**TASK REQUIREMENTS**:
Copy each line of the listing below where the word "Brown" turns up.

**RAW DATA**:
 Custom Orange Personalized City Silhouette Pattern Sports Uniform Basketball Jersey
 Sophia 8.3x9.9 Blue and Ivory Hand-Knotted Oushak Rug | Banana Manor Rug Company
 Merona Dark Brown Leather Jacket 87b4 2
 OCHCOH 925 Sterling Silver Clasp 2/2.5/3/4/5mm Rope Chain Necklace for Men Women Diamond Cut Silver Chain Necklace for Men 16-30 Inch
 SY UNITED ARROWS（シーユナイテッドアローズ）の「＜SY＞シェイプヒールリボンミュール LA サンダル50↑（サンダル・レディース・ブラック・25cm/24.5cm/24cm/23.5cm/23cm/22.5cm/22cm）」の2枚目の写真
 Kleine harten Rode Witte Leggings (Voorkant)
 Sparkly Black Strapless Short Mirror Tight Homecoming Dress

---

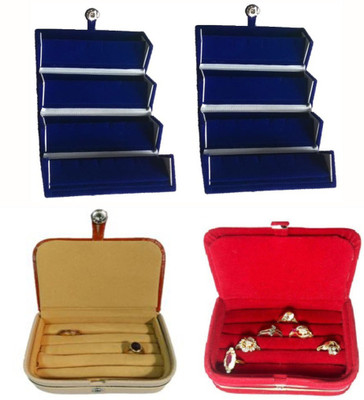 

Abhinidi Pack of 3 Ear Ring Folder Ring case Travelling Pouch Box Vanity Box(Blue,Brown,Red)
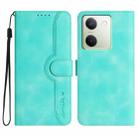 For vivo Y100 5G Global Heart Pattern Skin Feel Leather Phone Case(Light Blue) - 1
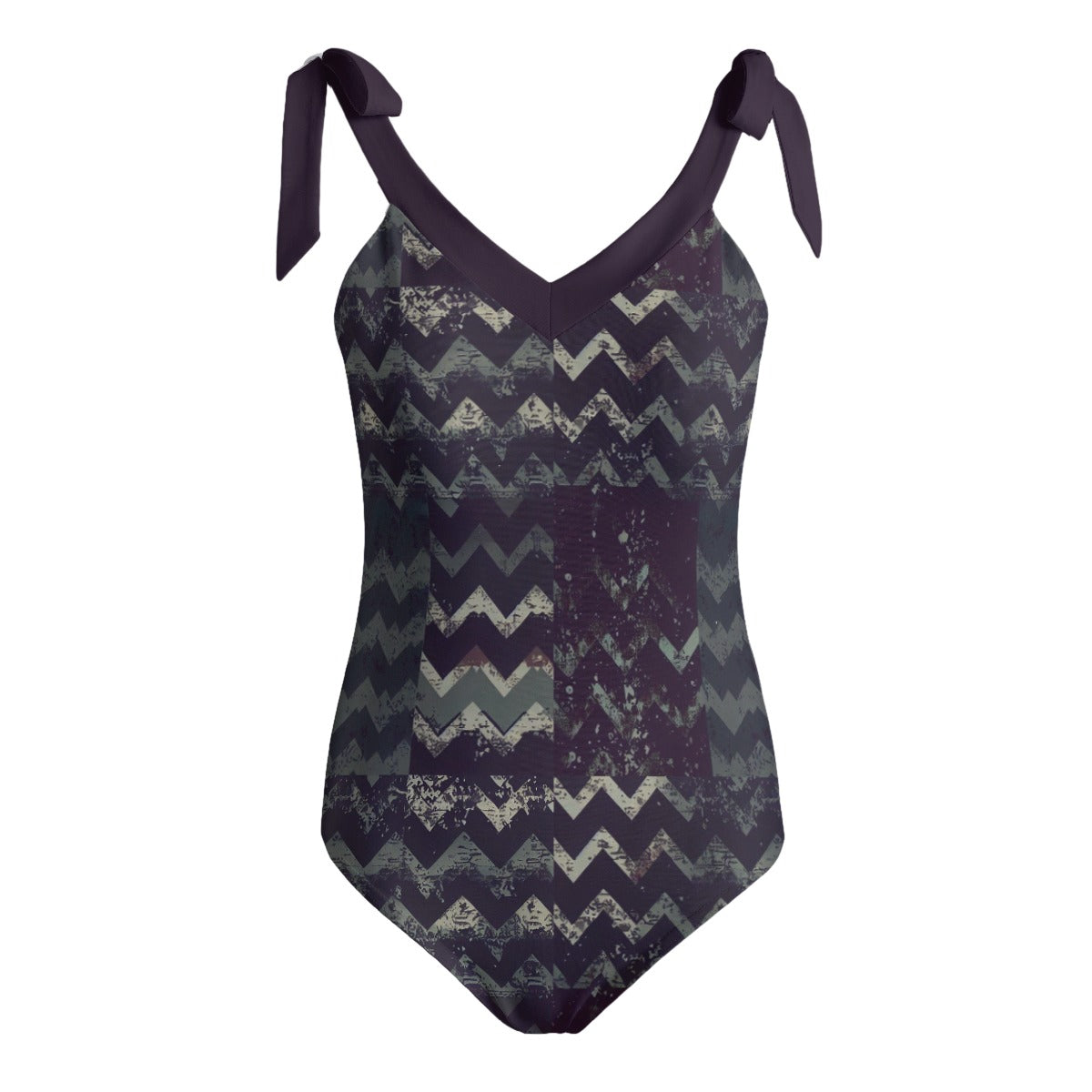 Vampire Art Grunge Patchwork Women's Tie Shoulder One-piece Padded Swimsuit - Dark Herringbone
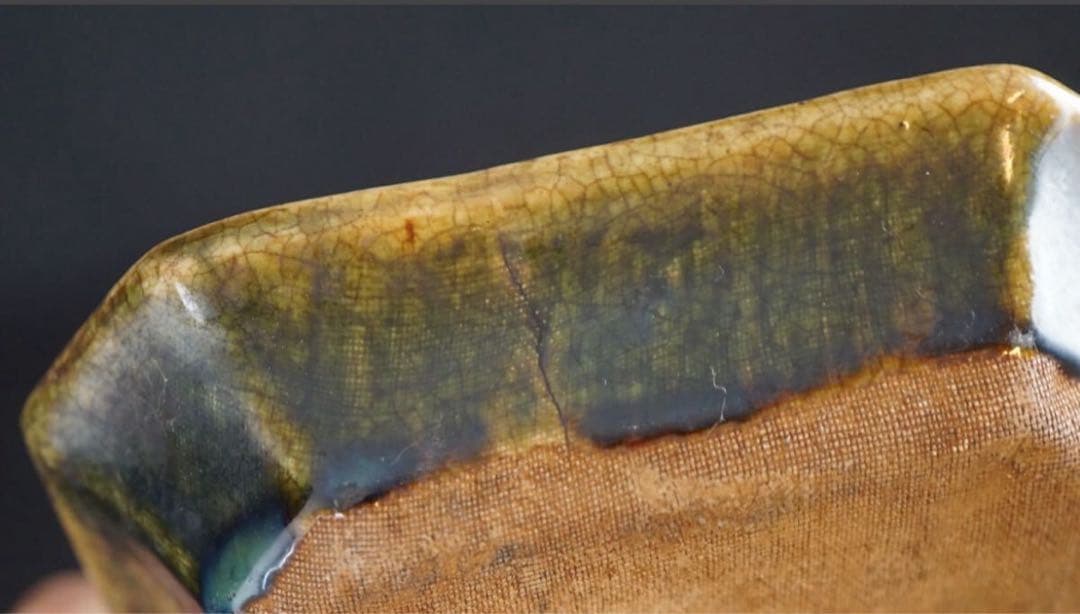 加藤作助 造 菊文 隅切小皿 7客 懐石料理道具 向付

**RESULT OF THE TASK**:
 Merona Dark Brown Leather Jacket 87b4 2
Abhinidi Pack of 3 Ear Ring Folder Ring case Travelling Pouch Box Vanity Box(Blue,Brown,Red)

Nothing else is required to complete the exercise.